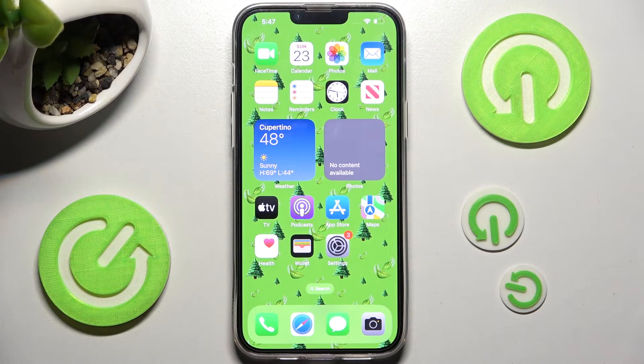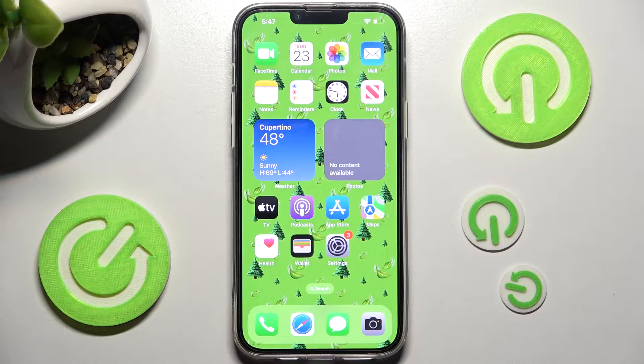Hi! In front of me is iPhone 13 Plus and today I would like to show you how you can rename it.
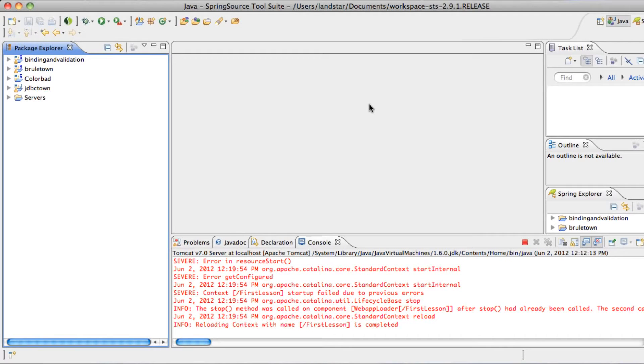Hello, if you find yourself here, then you're probably trying to learn Spring MVC, so let's jump into it.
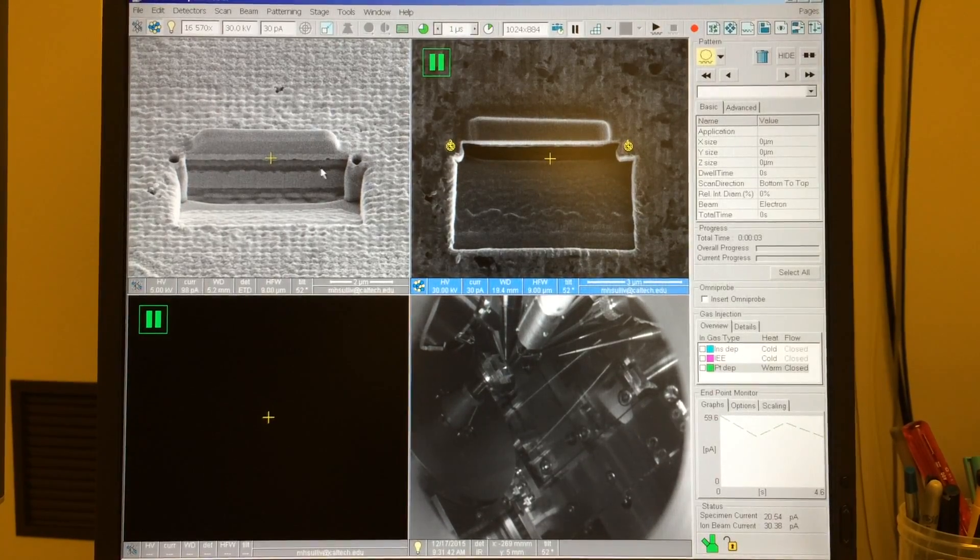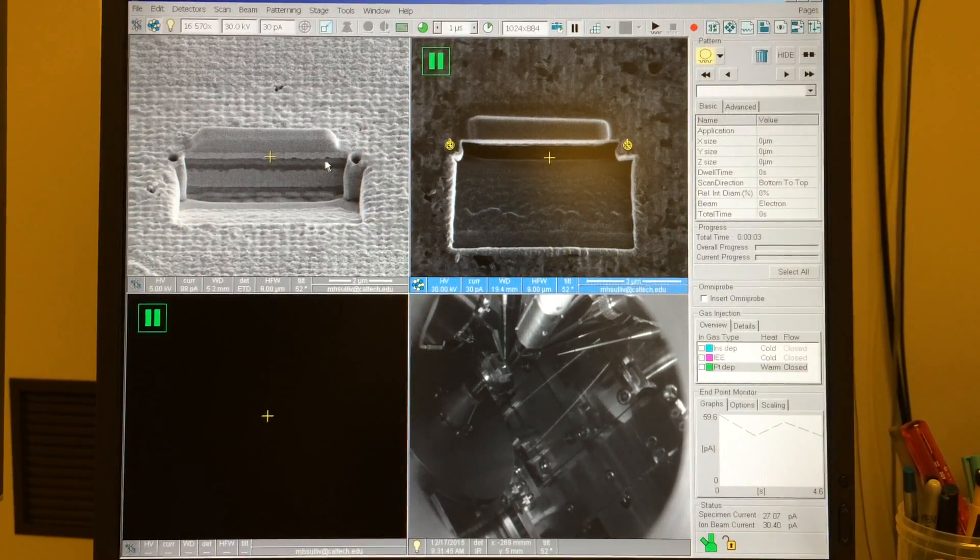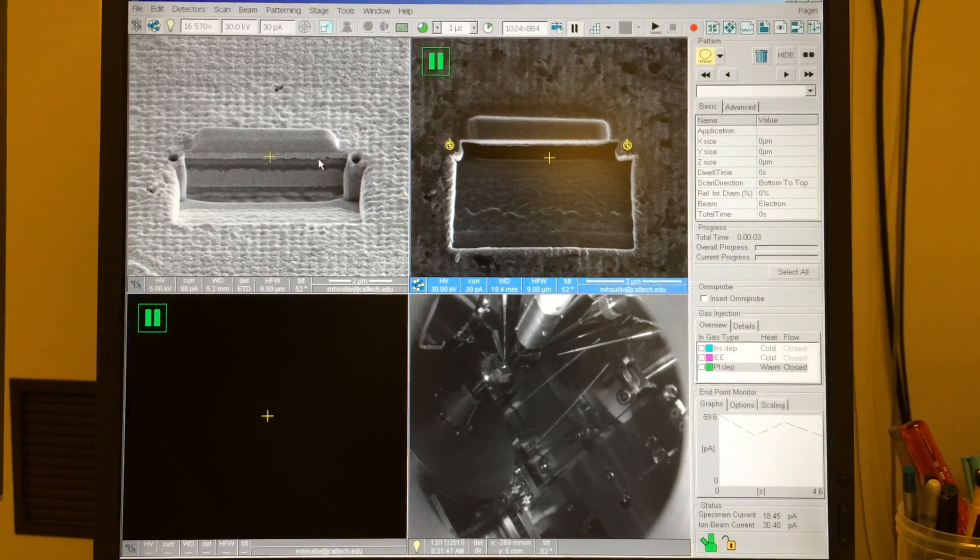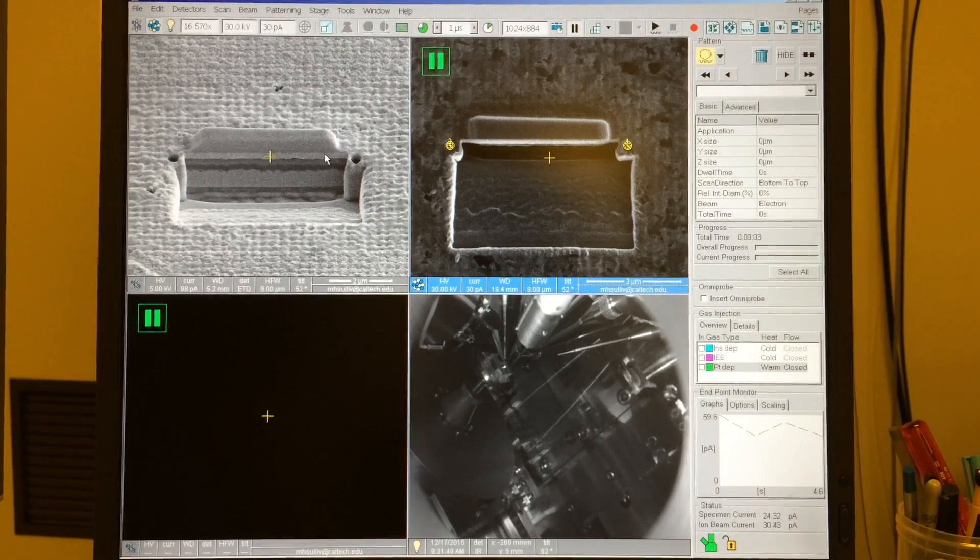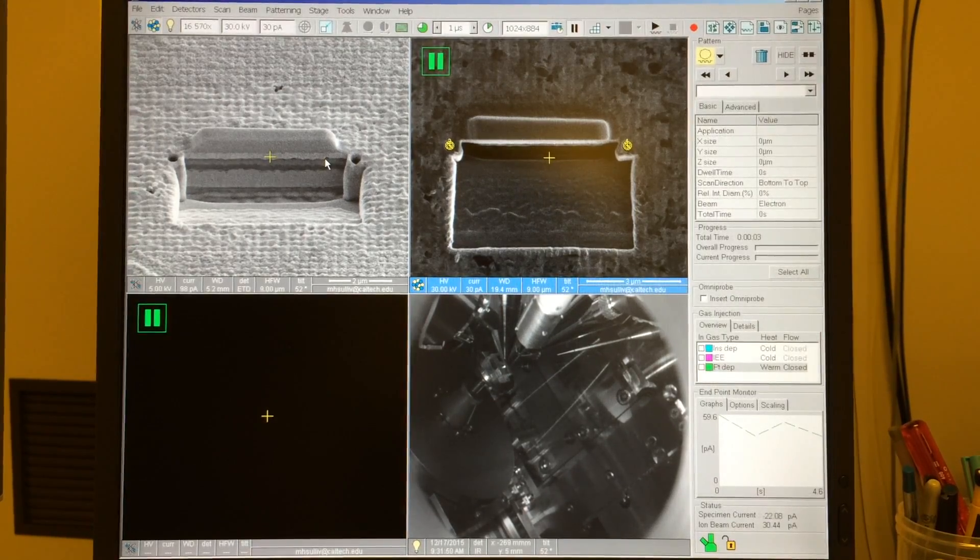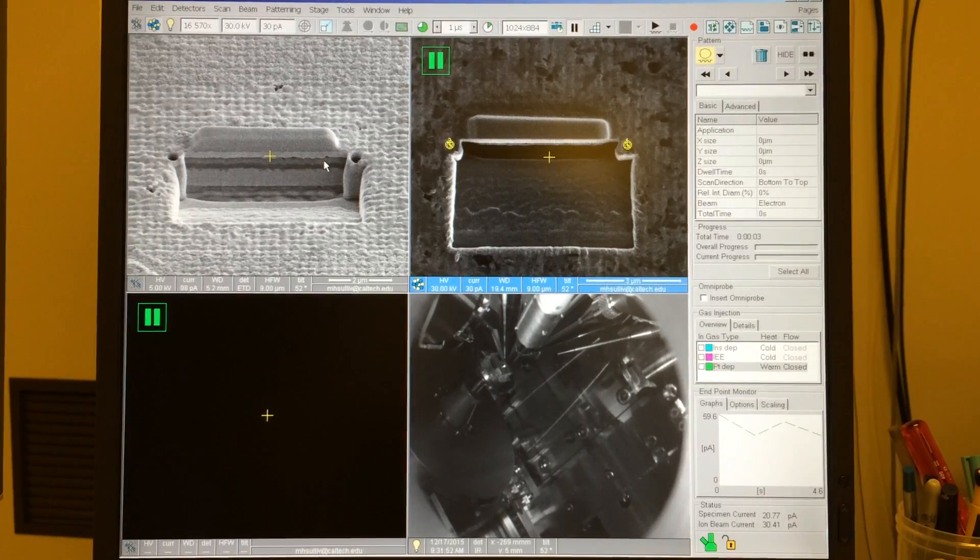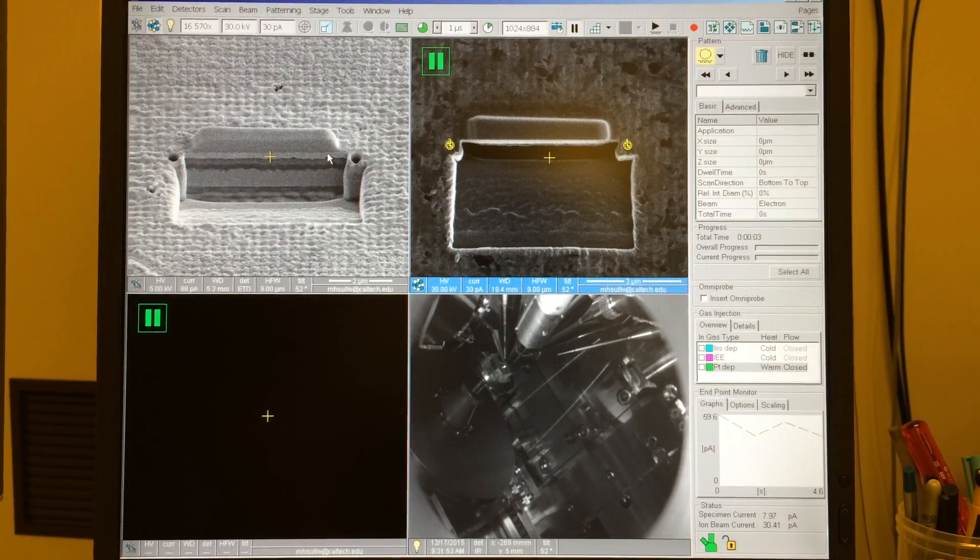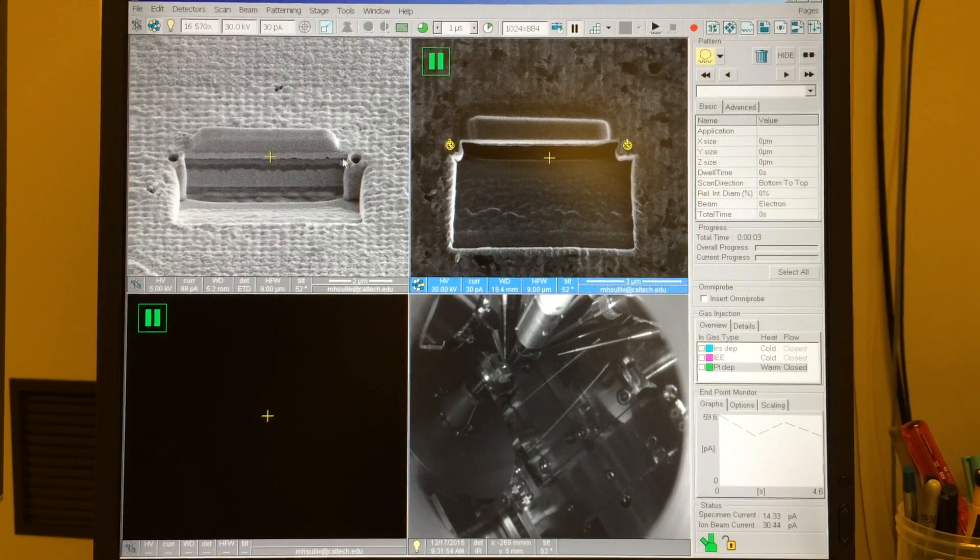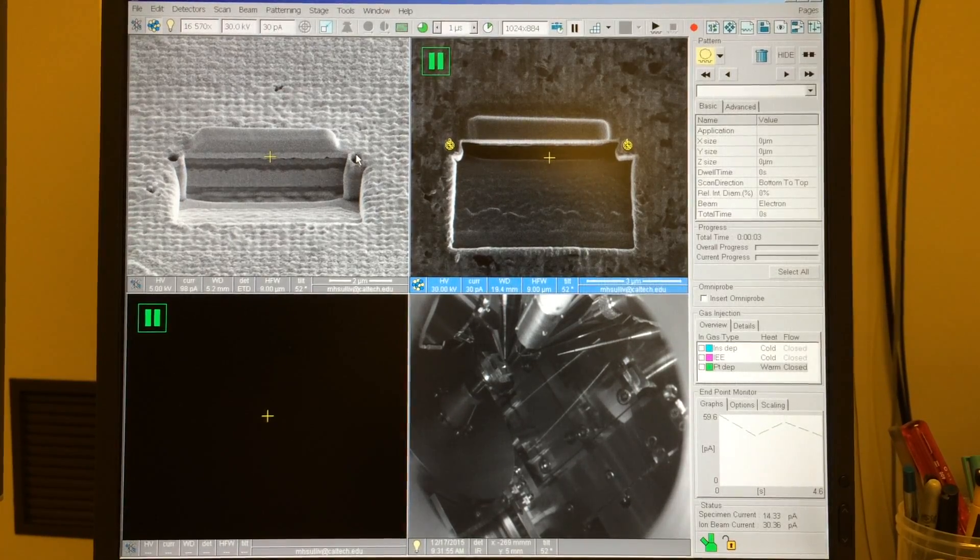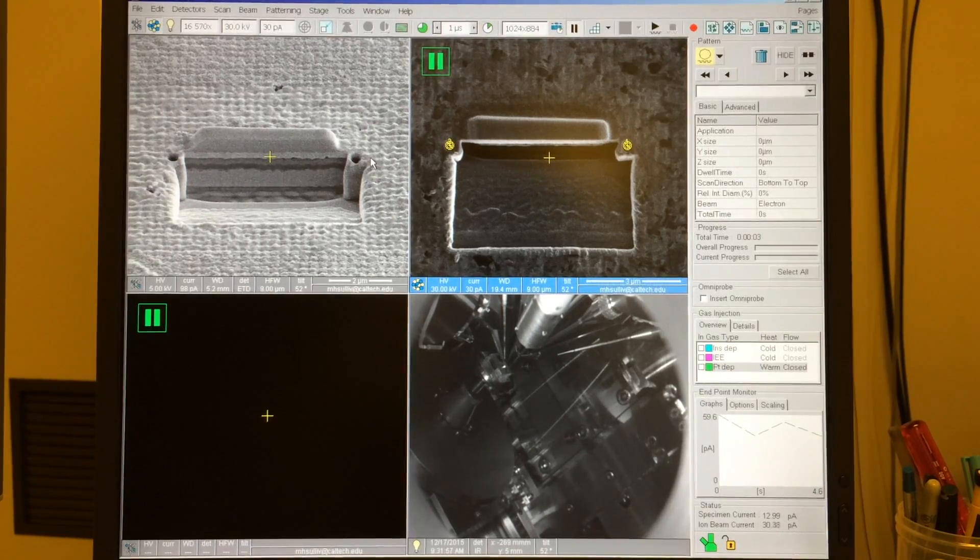And even if you have some distinguishing features on the specimen surface, sometimes you don't want to spend too long focusing and perfecting astigmatism there because you don't want to put a lot of beam damage onto the specimen itself. So, these circles will help us with that first approximation alignment.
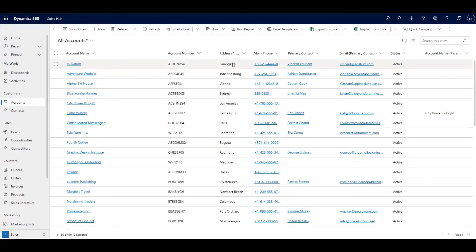You can see the changes that have been made to this view. The asterisk tells you that it's a modified view.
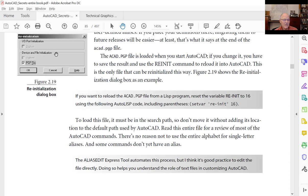If you were using a digitizer, you sometimes had to reinitialize the port assigned to it and the digitizer itself — hence the multiple REINIT values. Now there's literally only one that matters: 16. So if you were writing a LISP program and wanted to automatically add something to the PGP file and then reinitialize it, you'd set the REINIT variable to 16. Not very likely to be needed, but worth knowing. That's it on external commands and aliases.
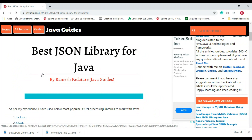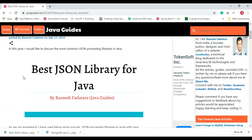I hope you now have a good idea of the most important and common JSON libraries for Java. Thanks for watching. If you have any queries or questions about this topic, leave a comment in the comment section — I'll be happy to answer. See you in the next video.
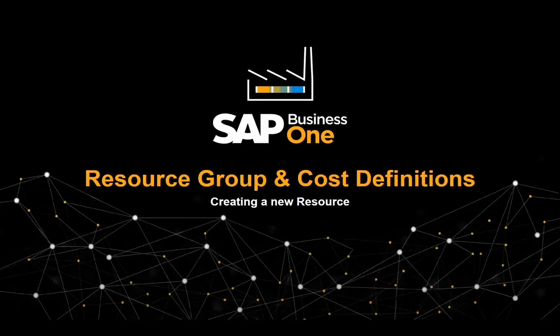In this clip we are going to create a new resource master record for a cutting machine, allocating the required resource group and cost definitions.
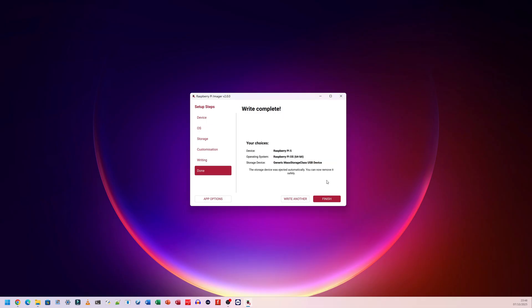That did play a completion sound, which sounded exactly like the Windows disconnection sound. So it might've played both at once. I'm not entirely sure. So what I'm going to do is click on finish. What you can do is click on write another.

_ _ _ _

Begin with the first line of the records and repeat every line up to the one with "And even if", counting that line too. Pictures are not part of the copy.

* **EXERCISE SOLUTION**:
Hi! In front of me is iPhone 13 Plus and today I would like to show you how you can rename it.
Hello, if you find yourself here, then you're probably trying to learn Spring MVC, so let's jump into it.
And even if you have some distinguishing features on the specimen surface, sometimes you don't want to spend too long focusing and perfecting astigmatism there because you don't want to put a lot of beam damage onto the specimen itself. So, these circles will help us with that first approximation alignment.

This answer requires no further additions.